Sophisticated systems
Insurers five years from now likely will lean on increasingly sophisticated systems to meet more fully evolved customer expectations. These systems will be centered on robust automated rules engines that deliver fast decisions without sacrificing accuracy.
COVID-19 accelerated the development of this future.
When the virus hit, many insurers found themselves ill-prepared to meet the sudden need for contactless transactions. In Italy, for example, industry contacts reported to RGA that some insurers had to use glue sticks to paste printed-out COVID-19-related questions onto existing paper questionnaires.
These forms then had to be distributed and re-collected, coded by hand, and returned to the appropriate office. All this had to be done in a country that had some of the tightest movement restrictions in the world, where people were legally prohibited from going more than a few hundred feet from their homes for months.
Innovations we see today are a direct result of this. For instance, implementations of Aura Next – RGA’s automated digital underwriting platform – accelerated throughout the pandemic and have continued to grow. Among its many features, Aura Next provided insurers the tools during COVID-19 to redesign their interviews and questionnaires in mere hours to add an additional question regarding the virus and get the new version in production the following day. Today, Aura Next processes more than 5 million applications each year.
Continued integration of such sophisticated systems is crucial for building the insurer of the near future, as consumers demand faster decisions and insurers face a looming labor crunch.
A fluidless future?
Five years from now, insurers will have progressed and adapted to new digital evidences, often replacing the historical paramedical exams and fluid-based tests. Coupled with behavioral science, this new approach – though not a one-to-one replacement for paramedical and fluid-based tests, which were carefully curated for the life insurance space – will continue to provide accurate decisions more quickly and less invasively.
When COVID-19 gripped the world, consumers’ interest in and appreciation for life insurance increased, while their willingness to allow strangers into their homes for paramedical exams or bloodwork declined. Alongside the temporary closure of many medical clinics, this made reliance on traditional exams a challenge.
That challenge accelerated a trend that was growing prior to the pandemic. Digital underwriting evidences – including electronic health records (EHR), medical claims (MC), and LabPiQture – individually and in combination are proving to be equally if not more accurate than fluid-based tests and paramedical exams for some applications.
For example, one RGA study examined self-reported body mass index (BMI), a critical factor in determining an applicant’s risk. It found that self-reported BMI understated risk by up to 3.2% compared to various third-party digital evidences (Figure 1).
The next phase in this evolution will increasingly incorporate behavioral science, which seeks to decipher the differences between what humans say they do and what they actually do. Behavioral science techniques are already helping insurers redesign their applications to ask questions that make it more difficult for applicants to shade the truth – on everything from alcohol consumption and tobacco use to build composition and mental health.
For example, by using behavioral science techniques that require double confirmation on a question about BMI, 31% of respondents disclosed they likely weigh more than the answer they had given. The average estimate increased BMI by 1.2, a potentially significant risk difference because of the strong link between BMI and mortality (Figure 2).
The growing talent-pool gap
Sophisticated systems and the digital underwriting evidences that feed them are likely to be more vital in the next five years to help alleviate the growing dearth of seasoned underwriters that started before COVID-19. The US Bureau of Labor Statistics projects that the insurance industry could lose roughly 400,000 workers through attrition from 2024 through 2026 in the US alone.1
The data suggests most of those departures will come through retirement.2
COVID-19 accelerated this trend. Many seasoned underwriters retired early or became consultants, sharing their highly valued skills with several insurers instead of just one.

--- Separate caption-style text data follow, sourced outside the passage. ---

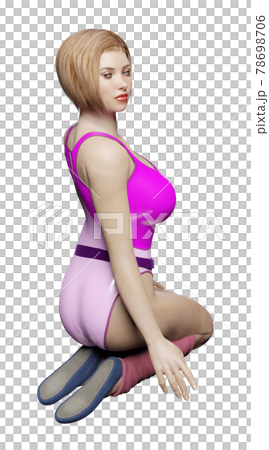 aerobics aerobics 78698706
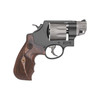 S&W 327PC 357 Mag,38 Special +P 2in 8rd Matte Black Revolver (170245)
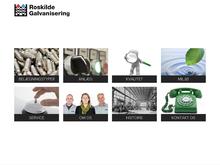 Roskilde Galvanisering A/S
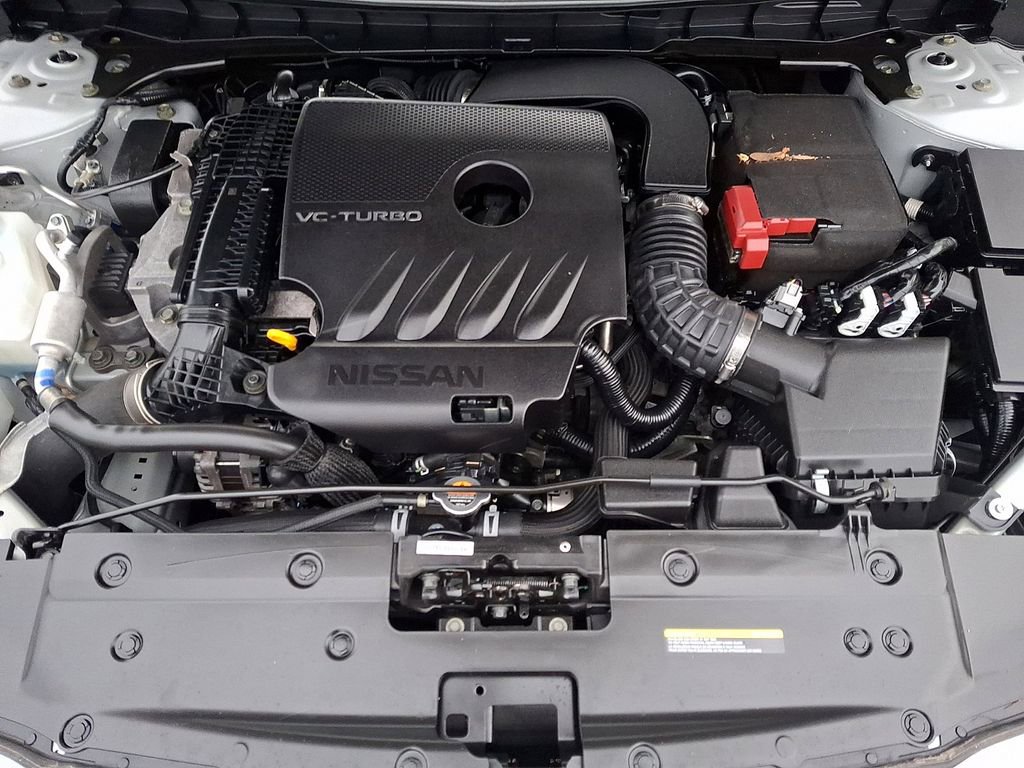 Used 2019 Nissan Altima 2.0 Platinum image 27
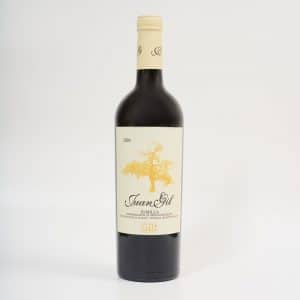 Vino tinto de Jumilla, Juan Gil
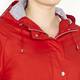 ROF AMO red showerproof JACKET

A half decade from now, insurers will likely be staffed with underwriters adept at using the sophisticated systems their employer provides. They will be akin to creative technologists who can collaborate with AI systems to handle cases more quickly and accurately. These underwriters – despite their dwindling numbers compared to a generation ago – will be more highly valued for their combination of underwriting knowledge and technical skills. They will be crucial to help evolve the technology and must be in the driver seat throughout this process. With the shortage in underwriters, their talent will be only more prized as time goes on.
Alongside policies that accommodate remote work, which allow insurers to tap into the talent pool no matter where they might live, successful insurers of the near future will be agile, efficient, and grounded in human-technology collaboration.